"I'm at home here, that's a fact," said Jethro. "I know the tides and the buoys. I can find my way in the dark, where another man would be at a total loss. I'm never suffering for landmarks."

"Landmarks!" roared Deep-water Peter. "What's a landmark good for but to take a new departure?"

To the sea-goers, tilted on a bench in the shadow of the Customs House, he added, "What life must be without a touch of lady fever is more than I can tell."

A red-bearded viking at the end of the bench rose and took Peter's shoulders in a fearful grip.

"What's all this talk of lady fever?"

"Let be, Cap'n Dreed!" cried Peter. His boisterousness failed him like wind going out of a sail. He twisted out of the big seaman's grip and from a distance shouted, "If you weren't so cussed bashful, you might have had something more than a libel pinned to your mainmast by now, with all this time in port."

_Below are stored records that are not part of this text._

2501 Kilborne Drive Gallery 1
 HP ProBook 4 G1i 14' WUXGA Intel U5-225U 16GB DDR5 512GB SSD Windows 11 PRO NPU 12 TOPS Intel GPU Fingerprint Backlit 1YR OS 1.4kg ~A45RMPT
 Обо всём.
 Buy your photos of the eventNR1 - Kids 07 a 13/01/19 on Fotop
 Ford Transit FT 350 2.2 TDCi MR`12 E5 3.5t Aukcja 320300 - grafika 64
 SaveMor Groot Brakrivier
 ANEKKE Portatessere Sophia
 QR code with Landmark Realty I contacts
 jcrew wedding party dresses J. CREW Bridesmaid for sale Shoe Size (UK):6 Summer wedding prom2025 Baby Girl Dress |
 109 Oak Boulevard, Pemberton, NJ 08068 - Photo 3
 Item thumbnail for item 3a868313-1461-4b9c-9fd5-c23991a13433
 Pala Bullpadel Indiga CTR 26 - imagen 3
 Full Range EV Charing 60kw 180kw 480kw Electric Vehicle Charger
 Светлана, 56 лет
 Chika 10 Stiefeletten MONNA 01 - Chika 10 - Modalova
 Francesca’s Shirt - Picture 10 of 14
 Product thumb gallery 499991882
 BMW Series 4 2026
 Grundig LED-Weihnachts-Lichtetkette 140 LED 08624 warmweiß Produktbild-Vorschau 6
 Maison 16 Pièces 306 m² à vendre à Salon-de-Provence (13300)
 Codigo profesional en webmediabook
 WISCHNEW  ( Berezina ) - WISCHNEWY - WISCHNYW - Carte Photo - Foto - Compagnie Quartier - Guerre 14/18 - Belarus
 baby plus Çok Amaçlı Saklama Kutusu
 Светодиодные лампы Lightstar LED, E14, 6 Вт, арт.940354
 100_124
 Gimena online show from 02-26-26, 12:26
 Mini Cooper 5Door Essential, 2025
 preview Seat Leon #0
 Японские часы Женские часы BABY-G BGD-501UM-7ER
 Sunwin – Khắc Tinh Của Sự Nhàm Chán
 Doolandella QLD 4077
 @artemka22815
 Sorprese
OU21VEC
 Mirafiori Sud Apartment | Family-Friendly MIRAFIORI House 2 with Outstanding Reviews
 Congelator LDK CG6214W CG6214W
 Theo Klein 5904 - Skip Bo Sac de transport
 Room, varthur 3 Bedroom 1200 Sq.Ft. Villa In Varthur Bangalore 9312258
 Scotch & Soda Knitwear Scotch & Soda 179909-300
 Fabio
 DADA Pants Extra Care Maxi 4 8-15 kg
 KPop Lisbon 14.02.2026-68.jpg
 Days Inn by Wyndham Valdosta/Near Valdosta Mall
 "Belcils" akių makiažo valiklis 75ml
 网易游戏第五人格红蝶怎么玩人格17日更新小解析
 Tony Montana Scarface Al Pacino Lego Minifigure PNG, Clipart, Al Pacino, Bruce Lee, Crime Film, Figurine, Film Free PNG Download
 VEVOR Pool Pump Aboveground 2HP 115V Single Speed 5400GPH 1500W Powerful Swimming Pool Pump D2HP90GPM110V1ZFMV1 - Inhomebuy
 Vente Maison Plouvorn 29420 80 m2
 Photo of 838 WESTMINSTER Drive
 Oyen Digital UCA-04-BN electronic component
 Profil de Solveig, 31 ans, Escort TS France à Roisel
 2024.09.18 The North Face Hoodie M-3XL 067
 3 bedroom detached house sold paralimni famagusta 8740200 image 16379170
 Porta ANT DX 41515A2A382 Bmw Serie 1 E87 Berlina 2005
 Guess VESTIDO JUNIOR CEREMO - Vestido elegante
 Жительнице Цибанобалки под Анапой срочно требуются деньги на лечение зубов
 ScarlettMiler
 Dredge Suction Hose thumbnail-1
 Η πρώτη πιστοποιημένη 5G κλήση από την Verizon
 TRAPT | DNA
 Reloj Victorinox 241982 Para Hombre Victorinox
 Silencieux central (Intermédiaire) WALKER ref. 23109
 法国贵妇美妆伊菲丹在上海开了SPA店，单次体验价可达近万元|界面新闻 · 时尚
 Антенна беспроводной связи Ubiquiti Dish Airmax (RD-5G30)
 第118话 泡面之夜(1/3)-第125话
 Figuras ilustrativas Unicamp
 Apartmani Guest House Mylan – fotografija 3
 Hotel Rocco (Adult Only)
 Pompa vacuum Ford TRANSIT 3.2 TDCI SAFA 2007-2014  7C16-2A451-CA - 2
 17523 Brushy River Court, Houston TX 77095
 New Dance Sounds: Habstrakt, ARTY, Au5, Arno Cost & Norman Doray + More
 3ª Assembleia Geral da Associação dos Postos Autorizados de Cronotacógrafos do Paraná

There was a general shifting along the bench, to make room for possible fray. It was a sore point with Sam Dreed that the ship chandler had that day effected a lien for labor on his ship, and the libel was nailed to the mast.

"Now they'll scandalize each other," murmured Zinie Shadd.

They were turned from that purpose only by the sudden passing at their backs of the woman in question, Caddie Sills.

Quiet reigned. The older men crossed their legs, sat far down on their spines, and narrowed their eyes. The brick wall of the Customs House, held from collapsing by a row of rusty iron stars, seemed to bulge more than its wont for the moment—its upper window, a ship's deadlight, round and expressionless as the eye of a codfish.